Print, word for word, every line from the beginning of the listing up to and including the line with "Dinamo FAN Wind". Pictures are to be excluded.

☆ ☆ ☆ ☆

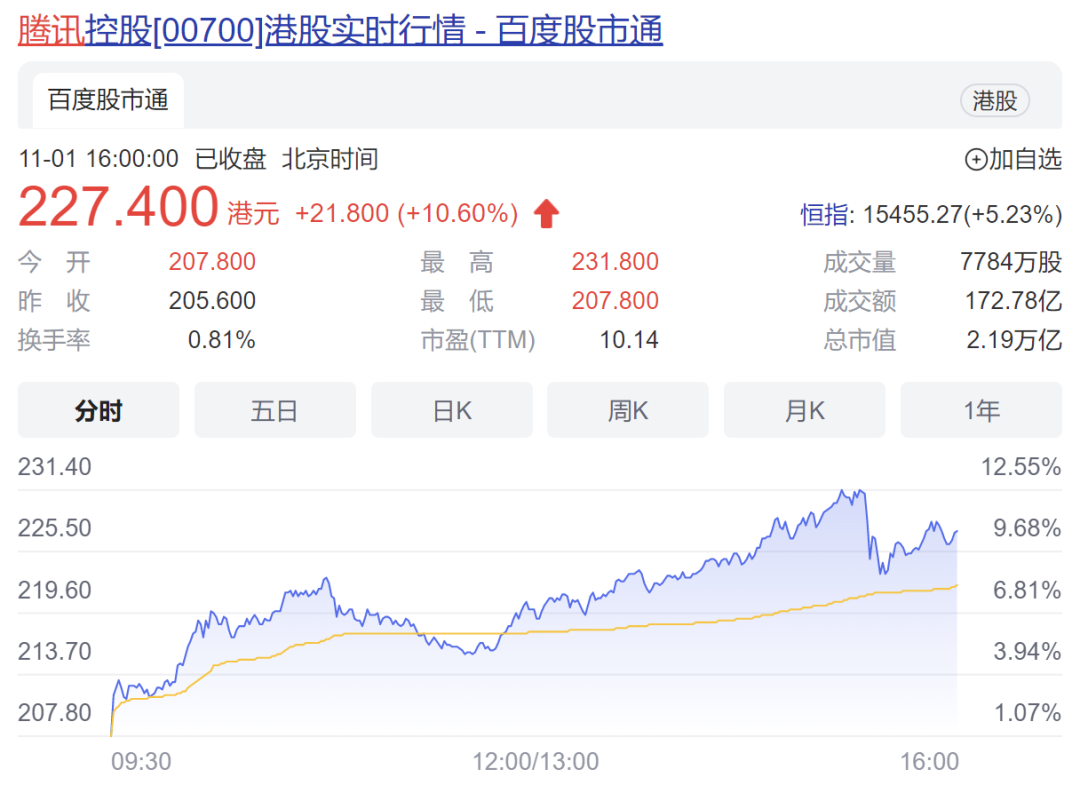 騰訊大股東,中信集團都回應了!騰訊股價大漲10%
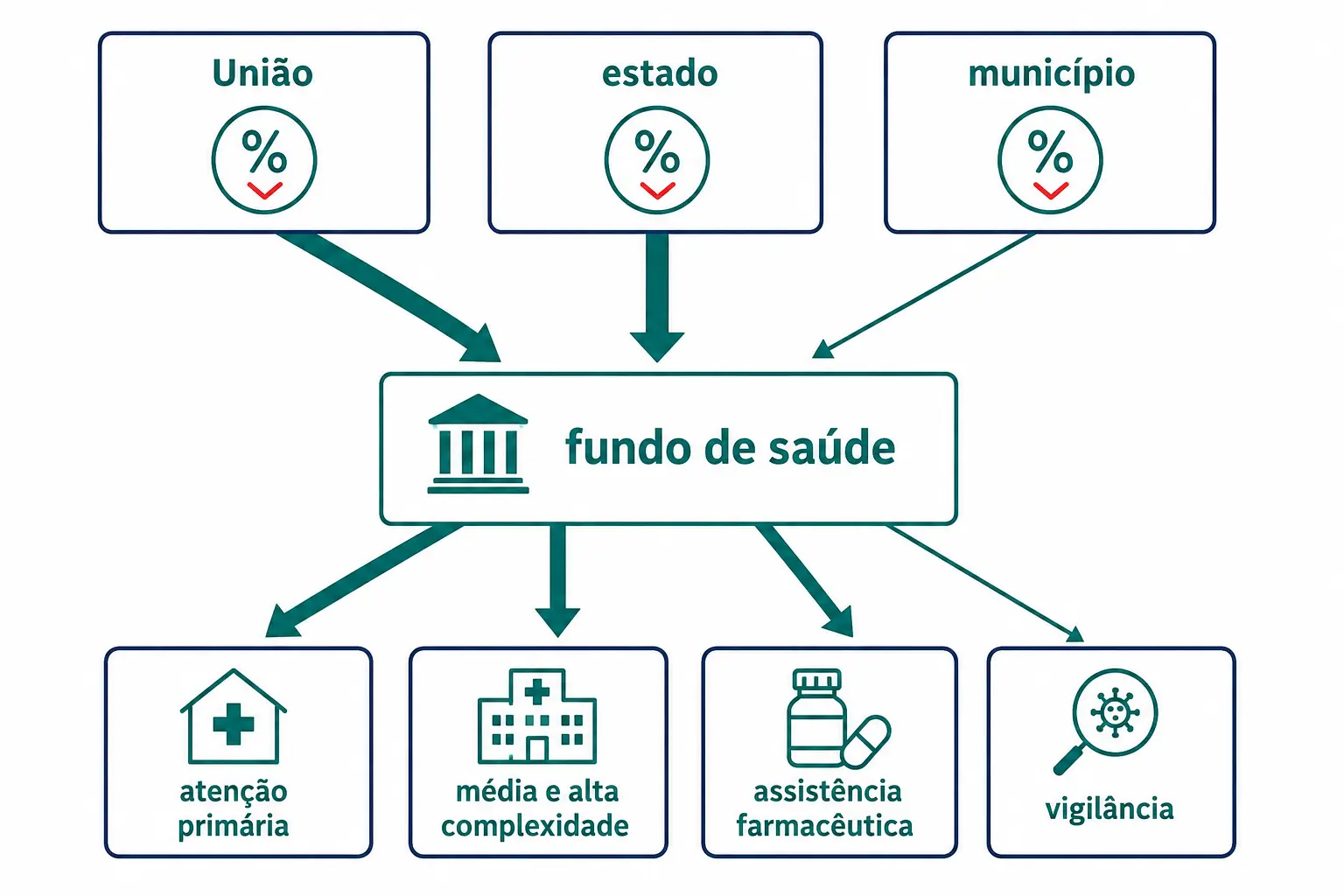 Fluxo do dinheiro das três esferas de governo para o fundo de saúde e deste para os destinos de gasto.
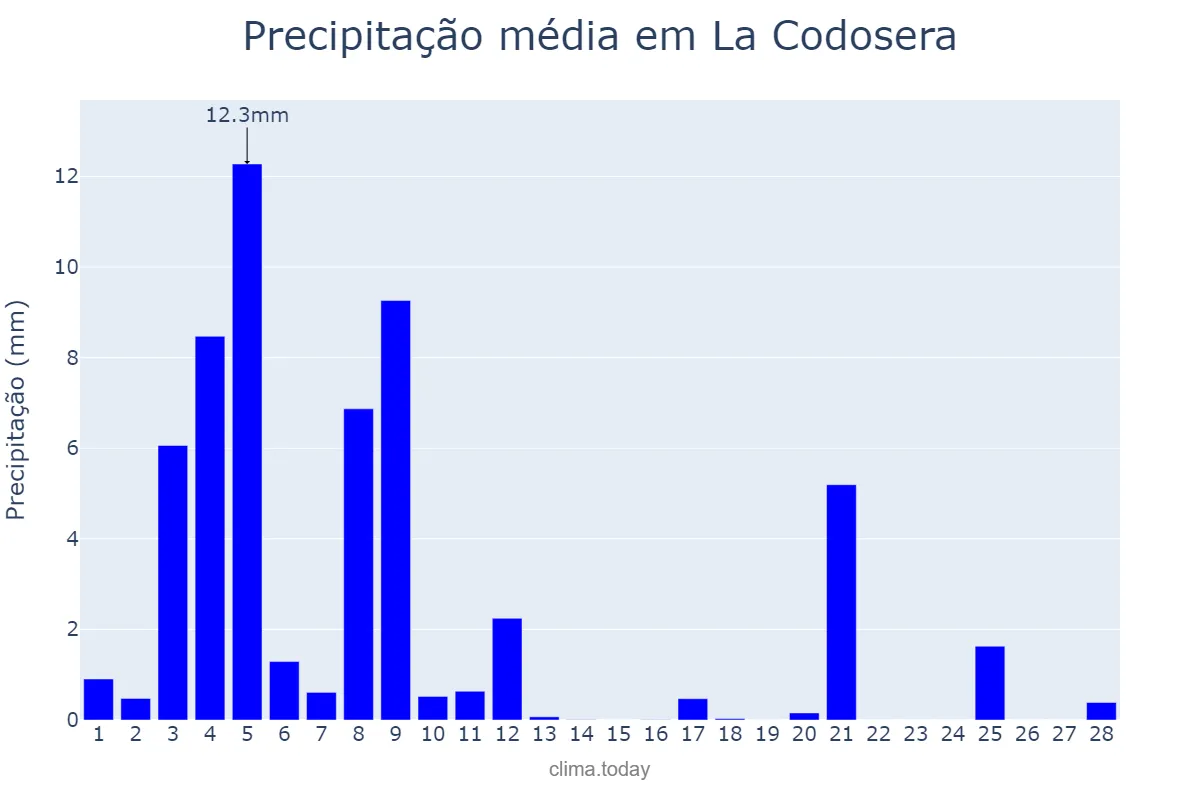 Precipitação em fevereiro em La Codosera, Extremadura, ES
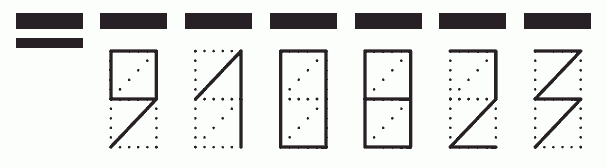 Пример заполнения индекса 910823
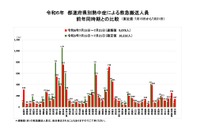 熱中症の救急搬送9,078人、最多は東京都757人…総務省速報 画像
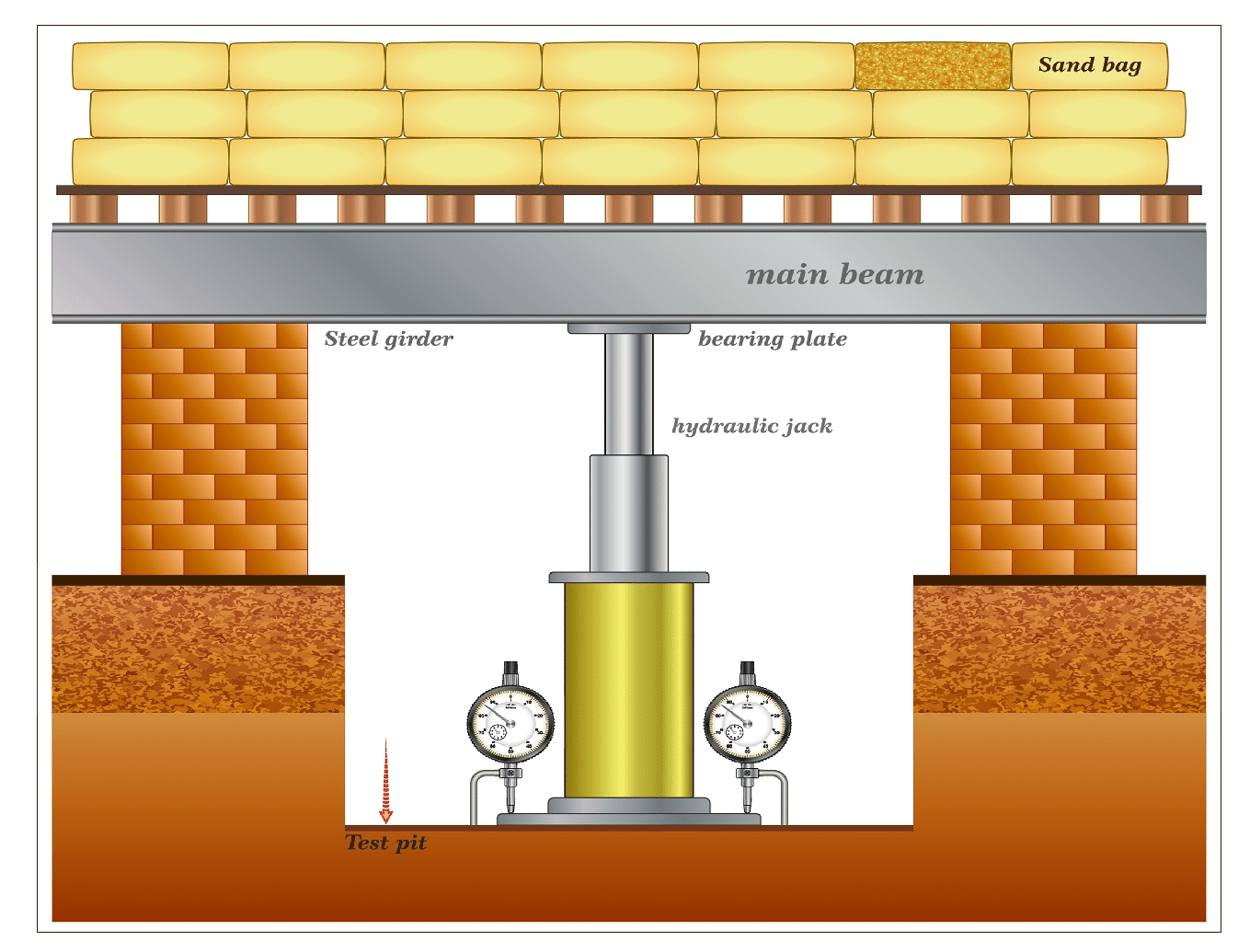 Why Soil Testing Is Important Before Construction: - Jancy Testing Lab
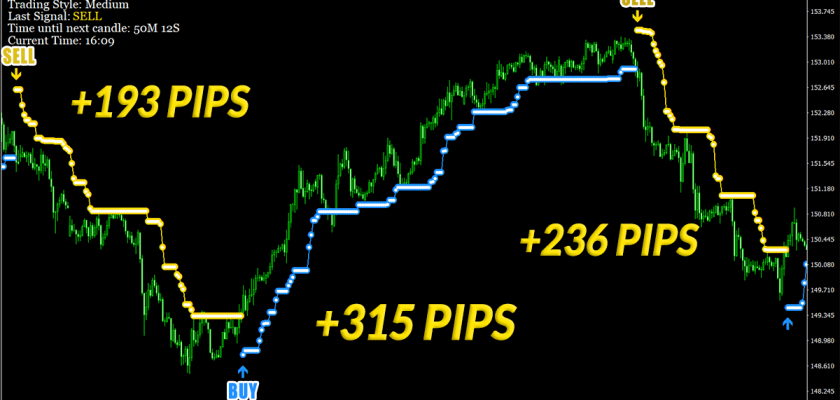 +744 Pips on H1. Stable signals go along with stable Profit FXCracked.com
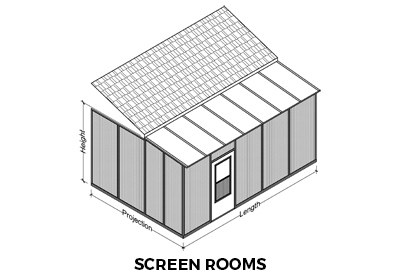 A drawing of a screen room showing which measurements are length, projection and height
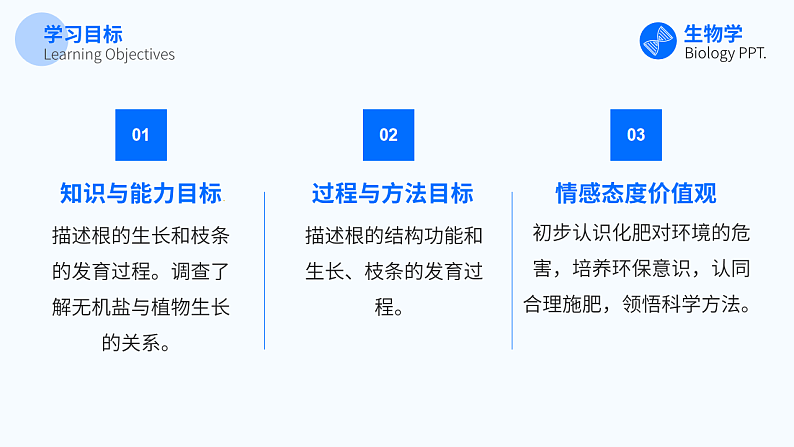 第二节 植株的生长 课件第2页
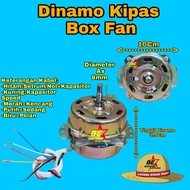 Dinamo FAN Wind BOX GMC MOTOR BOX FAN SOGO GMC FAN Wind TRISONIC OKAYAMA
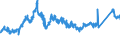 CN 72192110 /Exports /Unit = Prices (Euro/ton) /Partner: Finland /Reporter: Eur27_2020 /72192110:Flat-rolled Products of Stainless Steel, of a Width of >= 600 mm, not Further Worked Than Hot-rolled, not in Coils, of a Thickness of > 10 mm, Containing by Weight >= 2,5 Nickel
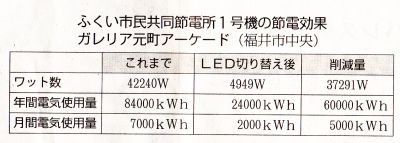 節電所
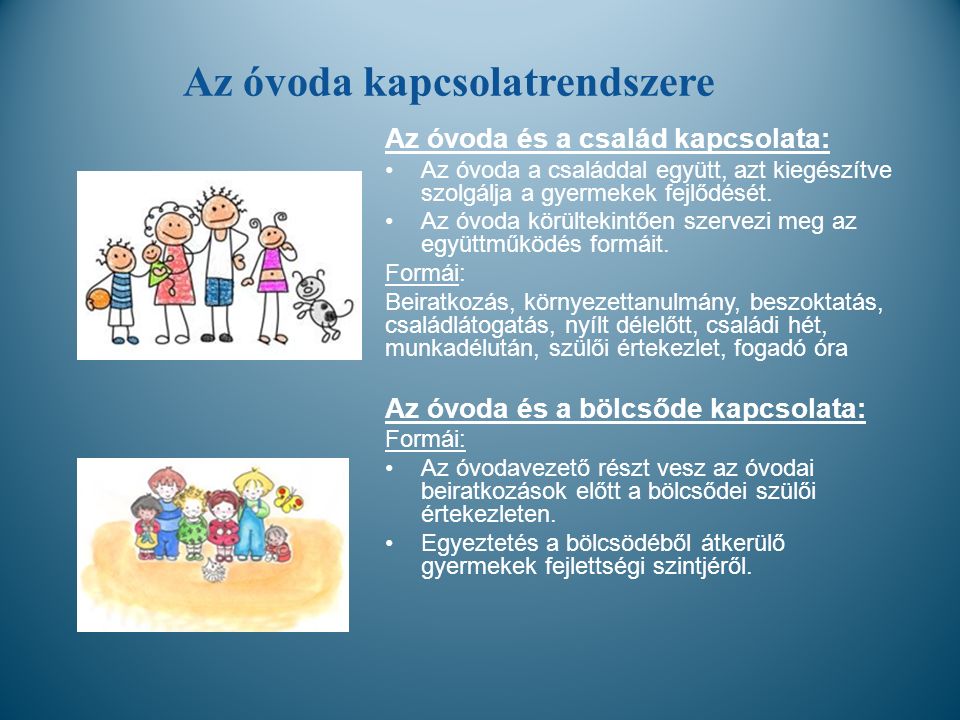 Az óvoda kapcsolatrendszere Az óvoda és a család kapcsolata: Az óvoda a családdal együtt, azt kiegészítve szolgálja a gyermekek fejlődését.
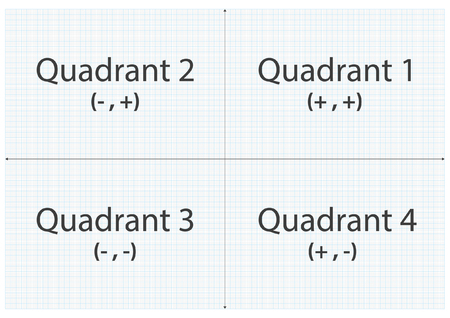 Graph paper quadrant x and y axisのイラスト素材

☆ ☆ ☆ ☆

* [Answer box]
 騰訊大股東,中信集團都回應了!騰訊股價大漲10%
 Fluxo do dinheiro das três esferas de governo para o fundo de saúde e deste para os destinos de gasto.
 Precipitação em fevereiro em La Codosera, Extremadura, ES
 Пример заполнения индекса 910823
 熱中症の救急搬送9,078人、最多は東京都757人…総務省速報 画像
 Why Soil Testing Is Important Before Construction: - Jancy Testing Lab
 +744 Pips on H1. Stable signals go along with stable Profit FXCracked.com
 A drawing of a screen room showing which measurements are length, projection and height
 第二节 植株的生长 课件第2页
 Dinamo FAN Wind BOX GMC MOTOR BOX FAN SOGO GMC FAN Wind TRISONIC OKAYAMA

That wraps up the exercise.